Accurate cause of death data are critical to developing an effective health policy agenda. Just as clinicians must accurately diagnose patients before prescribing treatment, policymakers must assess population-level disease burden in order to prioritize health interventions . Despite this, the availability of high-quality, cause-specific mortality data is limited [2–6]. Even for countries with high vital registration coverage, the quality of the data is often substandard [2, 4–7]. Using the heart failure cause of death code as a case study, this article proposes a method to improve the quality of vital registration mortality data to provide policymakers with more accurate diagnostic datasets from which to prioritize health interventions.
In mortality data analysis, the underlying cause of death is of greatest importance [8, 9]. The World Health Organization (WHO) defines the underlying cause of death as "the disease or injury which initiated the train of morbid events leading directly to death, or the circumstance of the accident or violence which produced the fatal injuries" . The underlying cause must satisfy two criteria fundamental to this definition.
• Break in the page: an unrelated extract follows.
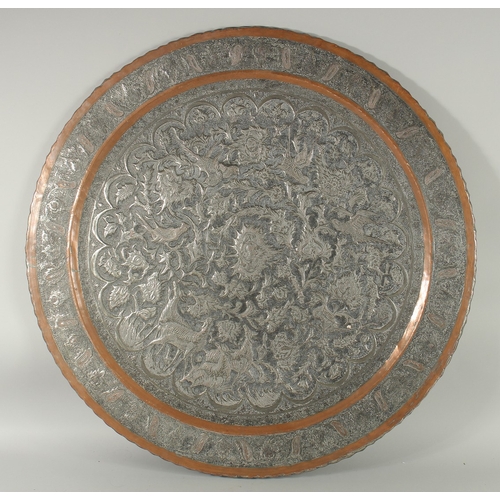 606 - A VERY LARGE ISLAMIC ENGRAVED TINNED COPPER TRAY, with raised engraved decoration depicting animals ... 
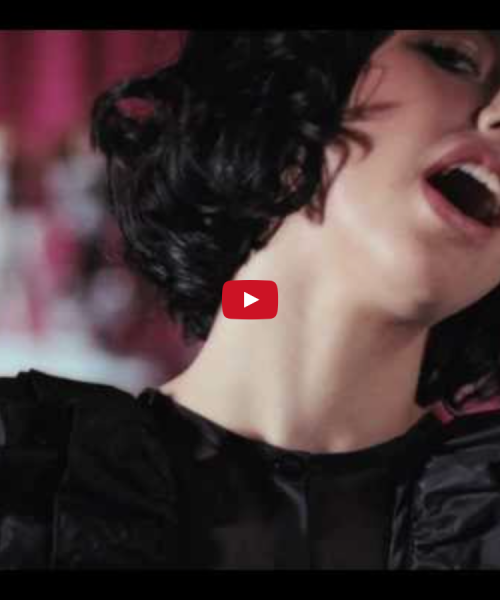 a screengrab from kimbra's music video, "settle down", which shows singer kimbra throwing her head back and singing. she is far and has short dark hair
Specifically, the underlying cause must be the primary or initial cause such that it represents a logical stage of intervention to prevent death, while retaining its status as a disease or injury to which death can be definitively assigned. One of the most significant barriers to accurate cause of death data is the widespread use of nonspecific cause of death codes, such as those for heart failure. These ambiguous or vague codes were first described as "garbage codes" in the Global Burden of Disease (GBD) 1990 study, in reference to ill-defined cardiovascular, malignancy, and injury codes . A recent paper by Naghavi et al stresses that garbage codes negatively impact the public health utility of cause of death data . This problem stems from the fact that the International Classification of Diseases (ICD), the coding scheme used in most countries with vital registration systems, contains many codes that signify signs, symptoms, and conditions, or intermediate and immediate causes of death . These codes are often misrecorded as an underlying cause of death on death certificates or in mortality datasets for a number of reasons [11–15]. Physicians do not always have access to accurate or complete medical records from which to determine the correct underlying cause of death [6, 15, 16]. They may be inadequately trained to complete death certificates , or, in some cases, may intentionally miscode deaths in the face of political, financial, or social pressure (i.e., HIV-related stigma). In developing nations, these realities are compounded by the fact that only a small percentage of death certificates are completed by physicians .
Heart failure is the end stage of many cardiac and noncardiac pathological processes, from ischemic heart disease and the range of cardiomyopathies to respiratory disease and severe anemia. As such, heart failure is not an underlying cause of death according to the WHO definition, but rather an intermediate cause of death with a diverse range of possible underlying causes of death. The use of heart failure as an underlying cause of death code leads to a vague and sometimes inaccurate representation of the population-level causes of death [2, 18]. Because prevention, detection, and treatment efforts for severe anemia and ischemic heart disease are different, it is essential for policymakers to know the true etiology of heart failure-attributed deaths. [Please note that for the rest of the paper, the term "heart failure-attributed deaths" refers solely to deaths in which heart failure was attributed as the underlying cause of death and not deaths in which heart failure is coded as a complication of the underlying cause in Part I of the death certificate or contributory causes in Part II of the death certificate.] In fact, Naghavi et al defines garbage codes, of which heart failure is most frequent, as "all deaths assigned to codes that should be redistributed to enhance the validity of public health analysis" . A process called heart failure redistribution, in which heart failure-attributed deaths in existing mortality data are reallocated to the correct underlying causes of death, can accomplish this.
Though the problem of miscoded mortality data is appreciated in the literature [2–6, 10, 12, 14–20], there is a paucity of redistribution methods described in the literature. Two methods used in the GBD literature are outlined below. GBD 1990 and 2001 redistributed aggregated groups of ill-defined cardiovascular codes (heart failure, atherosclerosis, essential hypertension, etc.) to one underlying cause of death, ischemic heart disease [2, 4, 18]. Less specific garbage codes, such as "other ill-defined, and unspecified causes of mortality (ICD-10, R99)," have been redistributed proportionally across all-cause mortality .
Building on these previous approaches, this paper describes in detail a novel method to carry out heart failure redistribution. This method was employed, but not described, in Naghavi's recent work . The method redistributes from a single garbage code - heart failure - to multiple underlying causes of death while accounting for the fact that clinicians miscode heart failure deaths at rates dis proportionate to the relative prevalence of its plausible underlying causes. It is important to note here that this method does not redistribute heart failure-attributed deaths proportionally across the underlying causes, a method that has been used in the past. We then compare cause of death patterns on a pre- and post-redistribution mortality dataset to show the effect of heart failure redistribution on age-adjusted death rates and cause of death rankings for the leading causes of death in 2005.